ABOUT THIS EXERCISE:
Find each line of the entries with the string "Picture", please, and copy it.

(Caption-style text data)
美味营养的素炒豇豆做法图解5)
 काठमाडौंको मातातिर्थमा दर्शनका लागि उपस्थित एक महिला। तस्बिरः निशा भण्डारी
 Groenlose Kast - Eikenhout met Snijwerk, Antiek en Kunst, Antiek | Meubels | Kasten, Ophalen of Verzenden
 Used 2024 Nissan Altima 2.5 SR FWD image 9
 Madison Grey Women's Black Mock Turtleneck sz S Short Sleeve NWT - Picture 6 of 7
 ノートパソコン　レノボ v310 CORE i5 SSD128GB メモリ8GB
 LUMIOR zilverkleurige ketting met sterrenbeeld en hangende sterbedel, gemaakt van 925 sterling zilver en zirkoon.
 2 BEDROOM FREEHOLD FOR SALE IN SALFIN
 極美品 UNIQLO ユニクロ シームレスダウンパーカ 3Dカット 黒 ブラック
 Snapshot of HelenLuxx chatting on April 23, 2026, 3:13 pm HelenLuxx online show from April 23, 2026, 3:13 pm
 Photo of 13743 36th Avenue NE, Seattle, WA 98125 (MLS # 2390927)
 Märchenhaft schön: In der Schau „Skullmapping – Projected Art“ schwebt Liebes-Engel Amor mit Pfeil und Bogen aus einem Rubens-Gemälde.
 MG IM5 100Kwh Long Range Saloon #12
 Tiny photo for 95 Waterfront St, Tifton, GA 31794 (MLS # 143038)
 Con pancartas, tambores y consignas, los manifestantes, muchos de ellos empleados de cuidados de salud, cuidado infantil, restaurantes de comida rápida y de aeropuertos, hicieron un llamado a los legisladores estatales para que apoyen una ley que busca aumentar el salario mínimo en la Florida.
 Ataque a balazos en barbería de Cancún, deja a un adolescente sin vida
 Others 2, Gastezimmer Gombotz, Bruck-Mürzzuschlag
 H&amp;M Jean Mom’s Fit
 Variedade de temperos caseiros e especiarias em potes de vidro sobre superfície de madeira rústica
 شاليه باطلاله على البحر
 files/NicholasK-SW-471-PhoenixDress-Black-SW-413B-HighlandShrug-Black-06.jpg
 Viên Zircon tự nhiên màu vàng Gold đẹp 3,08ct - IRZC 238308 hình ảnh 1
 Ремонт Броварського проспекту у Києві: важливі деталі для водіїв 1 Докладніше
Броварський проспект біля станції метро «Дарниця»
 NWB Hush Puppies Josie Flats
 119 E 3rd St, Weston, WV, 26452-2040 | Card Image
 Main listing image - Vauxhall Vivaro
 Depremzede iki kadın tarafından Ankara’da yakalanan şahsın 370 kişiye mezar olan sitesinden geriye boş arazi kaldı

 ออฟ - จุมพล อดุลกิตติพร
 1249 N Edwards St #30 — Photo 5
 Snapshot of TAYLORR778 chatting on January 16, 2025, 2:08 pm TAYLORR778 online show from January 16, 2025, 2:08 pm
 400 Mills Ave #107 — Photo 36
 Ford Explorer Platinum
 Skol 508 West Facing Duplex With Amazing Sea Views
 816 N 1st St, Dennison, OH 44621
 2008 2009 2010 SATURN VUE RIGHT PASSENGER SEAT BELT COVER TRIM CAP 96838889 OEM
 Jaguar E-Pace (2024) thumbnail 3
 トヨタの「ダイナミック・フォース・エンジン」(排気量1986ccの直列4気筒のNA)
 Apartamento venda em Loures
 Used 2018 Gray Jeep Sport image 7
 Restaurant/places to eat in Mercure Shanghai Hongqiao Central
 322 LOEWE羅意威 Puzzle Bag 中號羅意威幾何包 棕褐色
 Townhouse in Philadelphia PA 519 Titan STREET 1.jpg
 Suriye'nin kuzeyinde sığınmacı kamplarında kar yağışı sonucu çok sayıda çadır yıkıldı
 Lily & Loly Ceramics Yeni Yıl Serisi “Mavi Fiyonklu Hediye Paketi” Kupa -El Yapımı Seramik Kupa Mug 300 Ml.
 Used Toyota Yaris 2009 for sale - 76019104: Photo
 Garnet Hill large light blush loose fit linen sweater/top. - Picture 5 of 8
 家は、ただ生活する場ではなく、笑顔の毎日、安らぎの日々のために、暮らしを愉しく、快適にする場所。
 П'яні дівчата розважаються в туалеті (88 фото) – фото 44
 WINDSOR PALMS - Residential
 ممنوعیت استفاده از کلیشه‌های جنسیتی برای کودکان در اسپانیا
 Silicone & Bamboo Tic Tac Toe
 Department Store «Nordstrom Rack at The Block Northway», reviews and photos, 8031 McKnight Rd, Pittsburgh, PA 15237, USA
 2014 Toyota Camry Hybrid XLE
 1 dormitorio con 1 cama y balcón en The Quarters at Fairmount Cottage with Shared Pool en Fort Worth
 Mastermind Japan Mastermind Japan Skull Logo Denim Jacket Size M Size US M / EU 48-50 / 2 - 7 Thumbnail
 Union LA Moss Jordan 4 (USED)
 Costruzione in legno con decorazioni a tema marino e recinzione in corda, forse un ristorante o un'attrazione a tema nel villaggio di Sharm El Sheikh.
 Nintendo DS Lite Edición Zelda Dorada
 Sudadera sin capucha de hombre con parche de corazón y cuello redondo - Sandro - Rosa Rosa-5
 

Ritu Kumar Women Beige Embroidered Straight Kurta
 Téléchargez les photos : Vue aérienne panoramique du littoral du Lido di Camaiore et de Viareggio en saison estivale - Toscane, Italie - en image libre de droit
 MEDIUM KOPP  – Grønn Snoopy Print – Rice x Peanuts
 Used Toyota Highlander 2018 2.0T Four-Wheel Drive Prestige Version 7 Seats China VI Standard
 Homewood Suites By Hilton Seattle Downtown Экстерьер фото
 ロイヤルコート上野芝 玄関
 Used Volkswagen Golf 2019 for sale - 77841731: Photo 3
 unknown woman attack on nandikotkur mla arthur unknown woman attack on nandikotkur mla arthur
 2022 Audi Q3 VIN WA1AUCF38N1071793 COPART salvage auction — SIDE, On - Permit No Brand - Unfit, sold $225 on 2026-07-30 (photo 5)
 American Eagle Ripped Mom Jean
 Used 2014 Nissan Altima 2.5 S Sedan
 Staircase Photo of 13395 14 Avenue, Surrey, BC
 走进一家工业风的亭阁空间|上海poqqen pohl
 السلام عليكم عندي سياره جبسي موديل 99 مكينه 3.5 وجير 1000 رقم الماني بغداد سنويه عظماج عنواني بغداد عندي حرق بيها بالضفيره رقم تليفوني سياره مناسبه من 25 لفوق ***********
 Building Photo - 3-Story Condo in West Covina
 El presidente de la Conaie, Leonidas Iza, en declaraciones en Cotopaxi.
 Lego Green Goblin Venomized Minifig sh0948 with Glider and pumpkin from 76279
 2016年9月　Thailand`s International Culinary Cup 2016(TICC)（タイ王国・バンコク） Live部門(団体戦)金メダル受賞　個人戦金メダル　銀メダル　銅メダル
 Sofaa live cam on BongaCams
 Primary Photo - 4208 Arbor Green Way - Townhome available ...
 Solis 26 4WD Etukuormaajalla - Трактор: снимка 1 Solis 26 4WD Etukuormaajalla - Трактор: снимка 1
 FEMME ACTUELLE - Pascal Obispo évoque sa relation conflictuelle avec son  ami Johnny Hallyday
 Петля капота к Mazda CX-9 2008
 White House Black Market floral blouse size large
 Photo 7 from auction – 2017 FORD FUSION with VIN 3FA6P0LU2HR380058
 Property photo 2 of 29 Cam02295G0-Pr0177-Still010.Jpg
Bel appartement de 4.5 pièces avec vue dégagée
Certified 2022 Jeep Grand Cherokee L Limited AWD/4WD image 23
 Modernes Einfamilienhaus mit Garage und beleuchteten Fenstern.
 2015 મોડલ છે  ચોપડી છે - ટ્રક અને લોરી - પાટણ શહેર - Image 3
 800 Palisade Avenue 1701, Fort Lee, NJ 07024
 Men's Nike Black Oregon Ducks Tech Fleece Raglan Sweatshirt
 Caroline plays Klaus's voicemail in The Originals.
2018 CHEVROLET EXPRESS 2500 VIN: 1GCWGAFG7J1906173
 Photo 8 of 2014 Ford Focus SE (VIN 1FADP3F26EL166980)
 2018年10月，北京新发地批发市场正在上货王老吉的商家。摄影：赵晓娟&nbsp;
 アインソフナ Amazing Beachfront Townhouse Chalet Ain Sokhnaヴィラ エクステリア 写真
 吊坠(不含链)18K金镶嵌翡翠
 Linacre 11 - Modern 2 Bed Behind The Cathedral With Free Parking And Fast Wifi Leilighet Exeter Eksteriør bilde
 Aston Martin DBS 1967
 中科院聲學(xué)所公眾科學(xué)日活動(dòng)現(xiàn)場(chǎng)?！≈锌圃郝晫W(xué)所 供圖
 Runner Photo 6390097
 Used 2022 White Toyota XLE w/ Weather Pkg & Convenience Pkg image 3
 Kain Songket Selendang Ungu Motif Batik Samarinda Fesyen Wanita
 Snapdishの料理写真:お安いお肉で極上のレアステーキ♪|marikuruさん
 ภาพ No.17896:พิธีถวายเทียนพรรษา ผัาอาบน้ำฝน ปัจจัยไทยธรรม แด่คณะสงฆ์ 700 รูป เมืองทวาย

ANSWER:
 Madison Grey Women's Black Mock Turtleneck sz S Short Sleeve NWT - Picture 6 of 7
 Garnet Hill large light blush loose fit linen sweater/top. - Picture 5 of 8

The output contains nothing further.